3 - Area

By letting x and y equal those lengths, the area of the rectangle is $4xy=640\text{ cm}^{2}$ (since B and F are midpoints). So $xy=160\text{ cm}^{2}$

Area of triangle ABF = $\frac{xy}{2} = 80\text{ cm}^{2}$

Area of triangle BCD = $xy = 160\text{ cm}^{2}$

Area of triangle DEF = $xy = 160\text{ cm}^{2}$

Subtracting these areas from the orignal rectangle, we get $640\text{ cm}^{2}-80\text{ cm}^{2}-160\text{ cm}^{2}-160\text{ cm}^{2}=\boxed{240\text{ cm}^{2}}$

Triangle BCD is 1/4th the total area. Triangle FDE is also 1/4th the total area. Triangle ABF is 1/8th the total area. This adds to 5/8th, multiply by the total area of 640 $\text{ cm}^2$ to get an area of 400 $\text{ cm}^2$ outside of the triangle. Subtraction reveals that triangle BDF has to be 240 $\text{ cm}^2$ . $\square$

Let's first define some variables. Since opposite sides of a rectangle are congruent, we let AF = FE = x, AB = BC = y . Thus, CD = 2x and ED = 2y . Given that the area of the entire rectangle is 640 $\text{ cm}^2$ [we will leave off the units for the sake of writing a clear explanation and return them when we have a final solution] and the area of a rectangle is found by multiplying the base and the height, we can set up the equation CD * ED = 2x * 2y = 640 which simplifies to 4xy = 640 . If we simplify this equation, by dividing 4 on both sides of the equation, we obtain xy = 160 .

Using this we can find the areas of triangles ABF , BCD , and DEF using the formula .5 * base * height and the fact that these are right triangles whose legs are the base and the height. Thus, the area of triangle ABF is A(ABF) = .5 * xy = .5 * 160 = 80 , the area of triangle BCD is A(BCD) = .5 * y * 2x = xy = 160 , and the area of triangle DEF is A(DEF) = .5 * 2y * x = xy = 160 .

Now that we have found the areas of the triangles, we can use these areas and the area of the rectangle to find the area of triangle BDF Thus subtracting the areas of the triangles from the area of the rectangle, A(BDF) = A(ABCDEF) - A(ABF) - A(BCD) - A(DEF) = 640 - 80 - 160 - 160 = 240 . Therefore, the area of triangle BDF is 240 $\text{ cm}^2 .\square$

The rectangle

Call the area of the rectangle $\color{#D61F06}A$ .

• Draw a line that bisects the rectangle into left-right halves.

• Draw a line that bisects the rectangle into top-bottom halves.
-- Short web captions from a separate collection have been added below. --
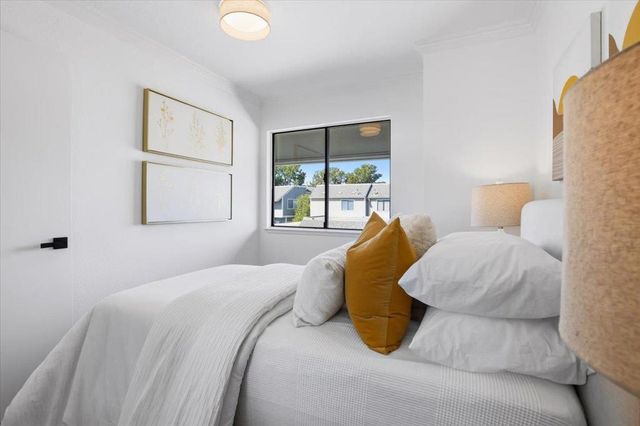 812 Ram Lane, Foster City, CA 94404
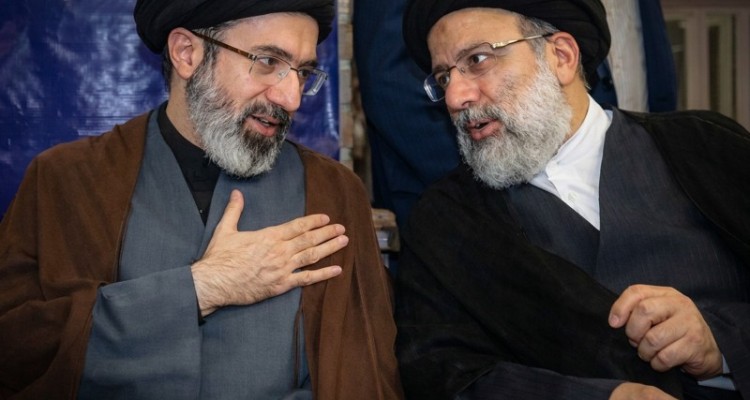 حماسه‌آفرینی‌های ملت ایران بار تکلیف مسئولان را سنگین‌تر می‌کند/ در مقاومت منحصر به فرد مقابل دو ارتش تروریست جهانی هستیم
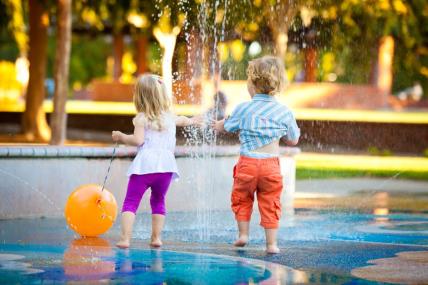 Zašto je opasno da se deca igraju sa vodom iz fontane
• It is seen that the upper left triangle is one-half of the upper-left quadrant, or $\color{#D61F06} \frac{1}{8}A$ .

• It is seen that the lower triangle is one-half the bottom half of the rectangle, or $\color{#D61F06} \frac{1}{4}A$ .
• It is also seen that the triangle on the right is one-half the right half of the triangle, or $\color{#D61F06} \frac{1}{4}A$ .

The three triangles make up $\color{#D61F06} \frac{1}{8}A + \frac{1}{4}A + \frac{1}{4} A = \frac{5}{8}A$ .

$\color{#D61F06}\therefore$ the $\color{#3D99F6}{blue}$ triangle's area is $\color{#D61F06}1 - \frac{5}{8} = \frac{3}{8}A$ .

The area of the $\color{#3D99F6}{blue}$ triangle is $\color{#D61F06} \frac{3}{8} \times 640 cm^2 = \boxed{240 cm^2}$

Assume sides of ractangle as 16 and 40 Than 640-(area of ∆abf+∆bcd+∆def) =640-((20.8/2) +( 20.16/2 )+ (40.8/2)) =640-400 =240 Answer

Do not be fooled. Just remember that a square is also a rectangle. This immediately let you know that the sides are 80 and each half side is 40. This lets you calculate the area of the three triangles

area of triangle bcd plus area of triangle FED equal half the area of the rectangle and are of the triangle ABF equal 1/8 area of rectangle so area of triangle FBD equal 640-640/2-640/8 = 240

AE AC=640, LET AC=80CM, therefore, 80AE = 640, solving for AE = 8cm then AF=4cm and AB=40cm. triangle BFD=area of rectangle ACDE- area of triangles (ABF+FED+BCD) . Aabf=1/2(4 40)=80cm Afed=1/2(80 4)=160cm ABCD=1/2(8 40)=160cm therefore area of triangles (ABF+FED+BCD)=80+160+160=400CM2 FINALLY area of BFD=640-400=240cm2

This problem reads "The points B and F are midpoints of the sides BC and AE, " Correct me if I am wrong but should it not be side AC and AE that B and F are the midpoints of?